Saat 12.15’te mekândayız. Hepinizin bildiği gibi Antakya’da önce mezelerle başlanır yemeye. İstediğimiz mezeleri sıralarken, et yemeklerinin de siparişi verildi. Ben et yemediğime göre, “güveçte kaşarlı mantar sote” yemek en uygunu. Restoranların çoğunda bu yemek yok. İstemimin ardından hemen tarifi yapıyordum ve eninde sonunda istediğim önüme servis ediliyor, yemeğimi diğer arkadaşlar gibi yiyordum. Bu defa yemeğim gelmedi. Bir-iki defa garsona söylediysem de, ı ıh, nafile… Saat 13’e yaklaşıyordu. Unutulduysa artık yetişmesi imkânsızdı. Garsonu yeniden yakaladım ve dedim ki, “Galiba benim yemeği unuttunuz. Artık yapmanıza gerek yok,” “Unutmadık ama mantar yokmuş. Onun yerine başka bir şey getireceğiz; sürpriz!” dedi, “Hem bizden, müesseseden. Özür niyetine…” Saat 13.15 olduğunda yemek yine yoktu ve açıkçası sinirlerim bozulmuştu. Efendiliği bozmadan, “Ne pişiriyorsanız getirin. 10 dakika sonra kesinlikle kalkacağız,” dedim. Ve nihayet yemek geldi. Güveç kabının sekiz on katı büyüklüğünde metal bir tepside, yaz mevsiminin yarı pişmiş sebzeleri: Patlıcan, biber, domates, kabak, soğan, sarımsak… Kap, güveç kabı değil ama tepsiyi bu şekilde fırına verdikleri açık.

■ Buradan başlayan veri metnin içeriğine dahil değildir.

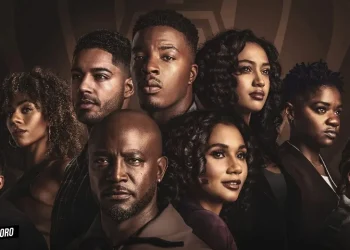Latest Update All American Season 6 - Cast, Release Date, and New Twists Revealed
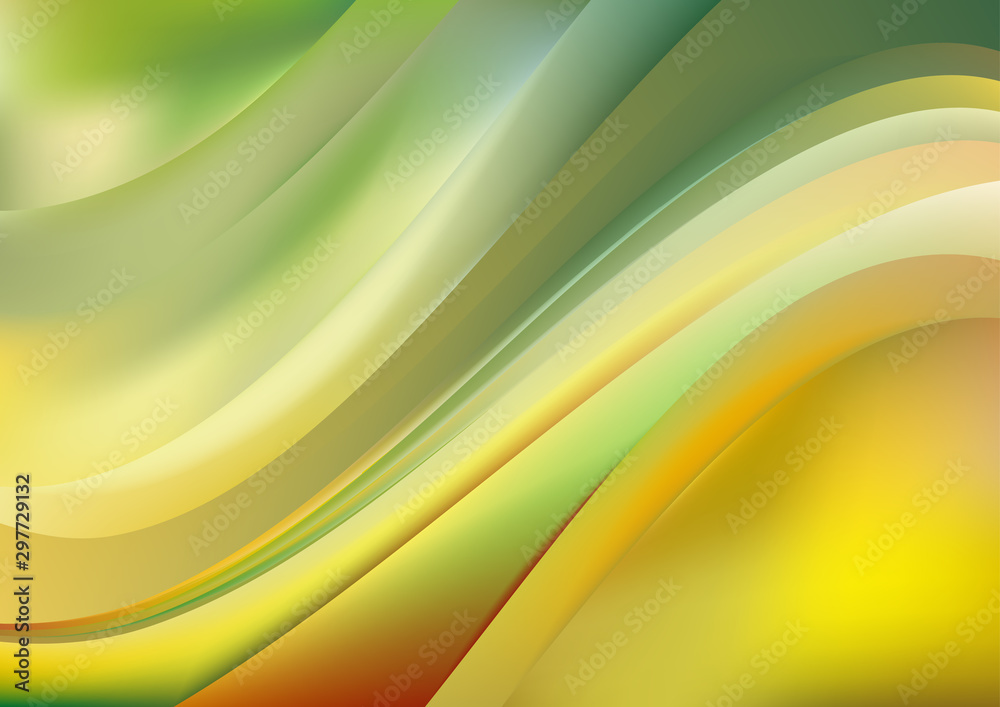 Creative abstract vector background design Creative abstract vector background design
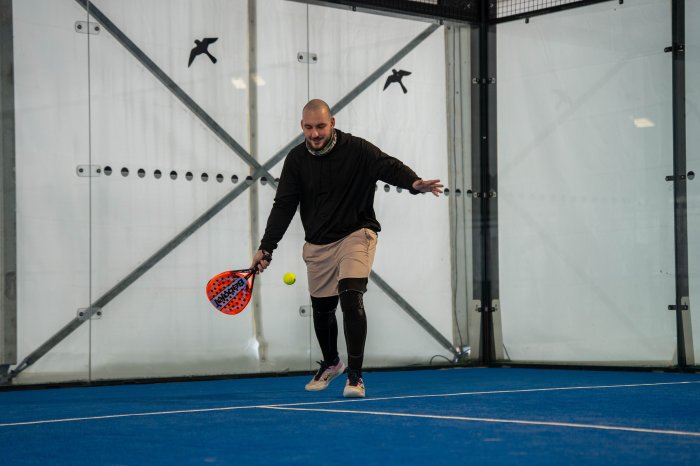 PADEL Veszprem - BOA06211.jpg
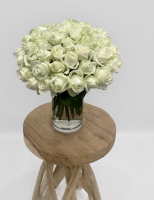 Fleurs d'Auteuil -  Se faire livrer des plantes pour décoration extérieure à Paris 7ème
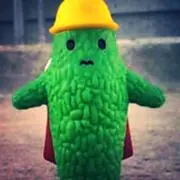 とりっぴーの画像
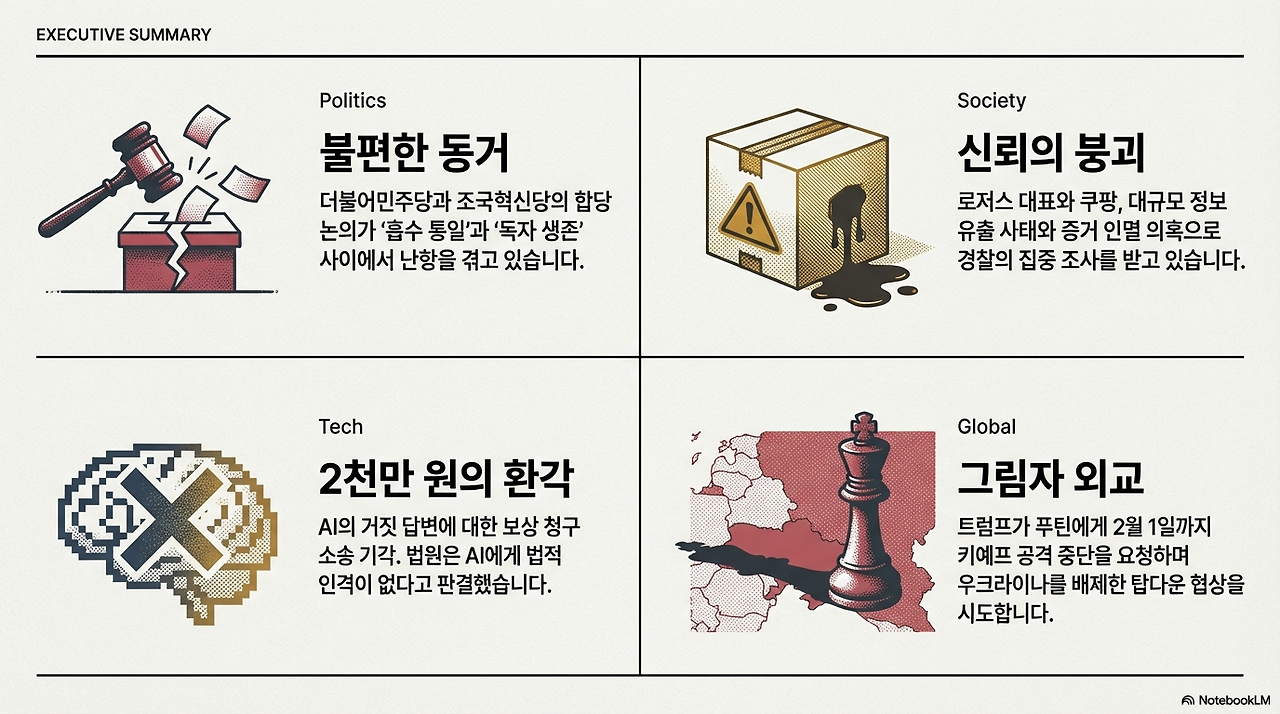 Fracture Collapse Shadow Vigilance-2.png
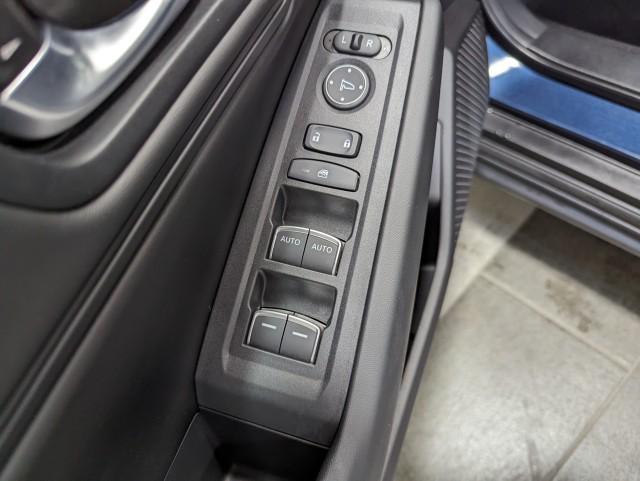 used 2025 Honda Accord car, priced at $29,998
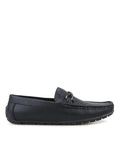 Jackson Shoes Official Shak 1JA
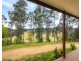 34 Shingle Hut Road, Narooma NSW 2546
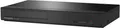 Panasonic DP-UB154 UHD Blu-ray-Player 4K Ultra HD Schwarz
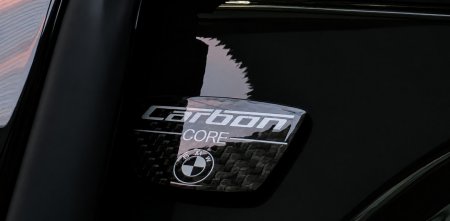 2022 BMW 7-Series - photo 49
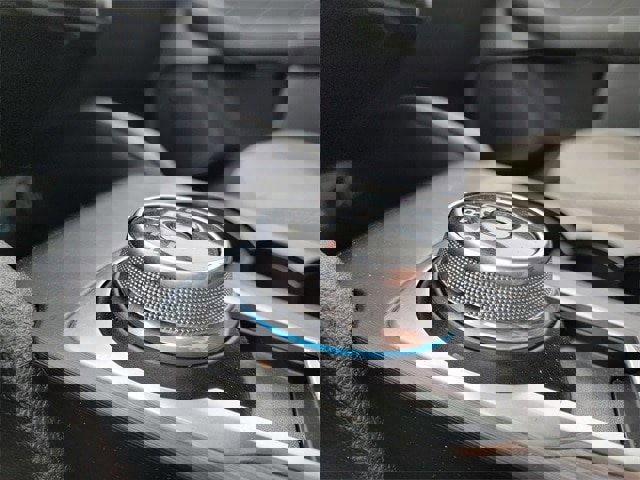 Certified 2022 Ford Escape SE w/ Convenience Package image 30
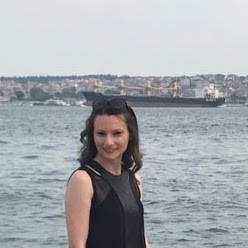 elifzengin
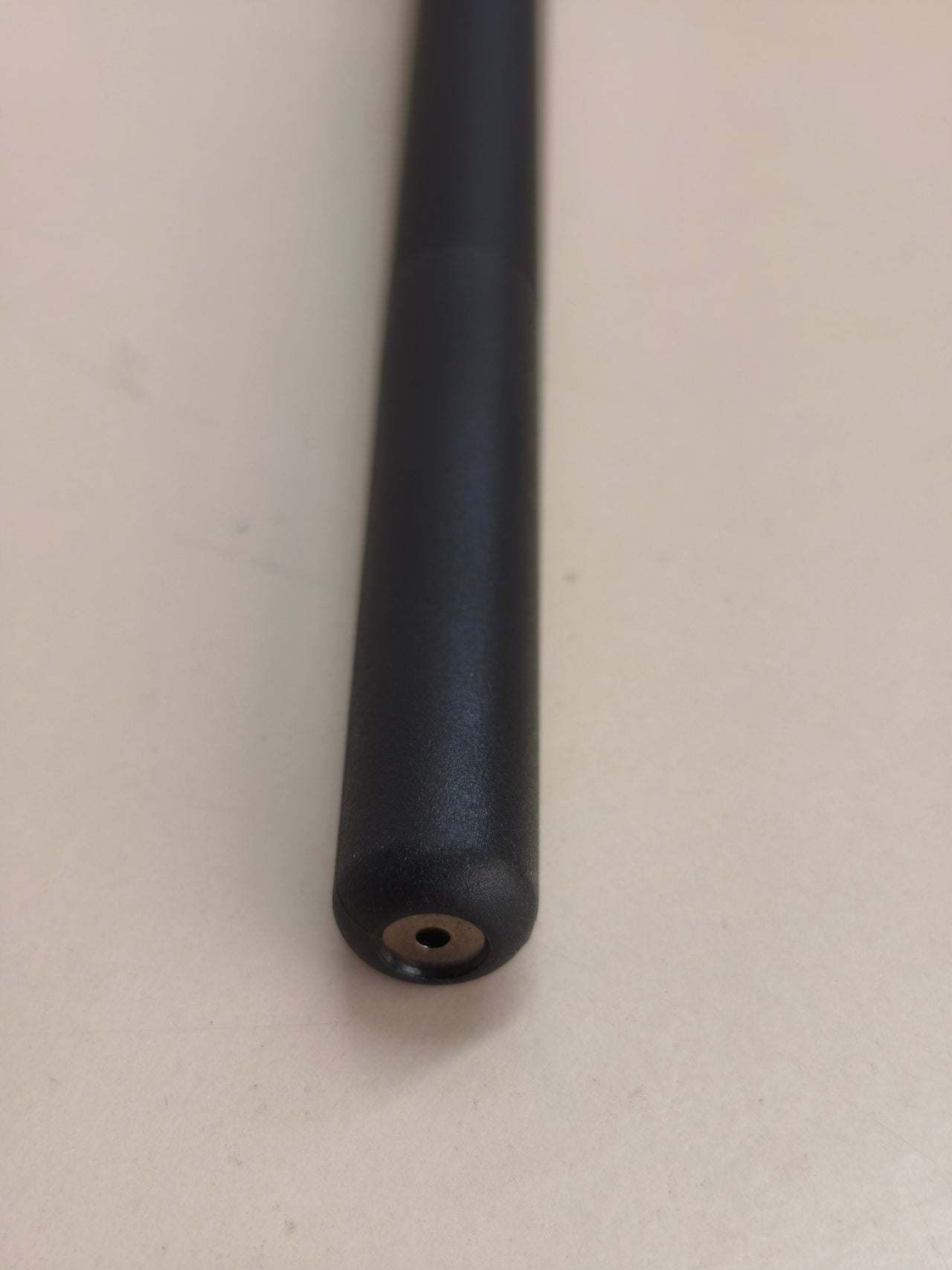 Wacom Intuos Medium, tableta gráfica, lápiz sensible, negra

Kaşar peyniri yok, mantar yok… Tepsinin yuvarlak kenarı boyunca, yarı pişmiş sebzelerin sıvı özü. Hadi, hiç olmazsa bir kezliğine ekmekleri bandırıp bir lokma yiyelim. Bu kadar bekledik, gerildik, emek verdik, emek verilmiş… Bandırdık arkadaşlarla ekmekleri. Aman Allah’ım! Bu ne lezzet! Masadan kalkışı erteledik. Bandır, bandır; masadaki ekmek dilimlerini bitirdik. Yarı pişmiş sebzeleri, metal tepsinin ortasında –bir denizdeki kayalıklı bir adaya benziyordu– bırakıp hesap ödemeye gittik. Özür dilediler bizden. Giderken hastaneye, araba içinde hiç beklemediğimiz lezzeti konuşup durduk arkadaşlarla.
Söz ettiğim yemeğin ardından beş-altı yıl geçti. Arkadaşlarla bu yemeğin muhabbetini neredeyse her bir araya gelişte yaptık, yapıyoruz.
Hayatın güzelliği burada. Geçmişteki olumsuz nahoş bir olay, zamanla hoş bir anıya dönebiliyor, dönüşebiliyordu.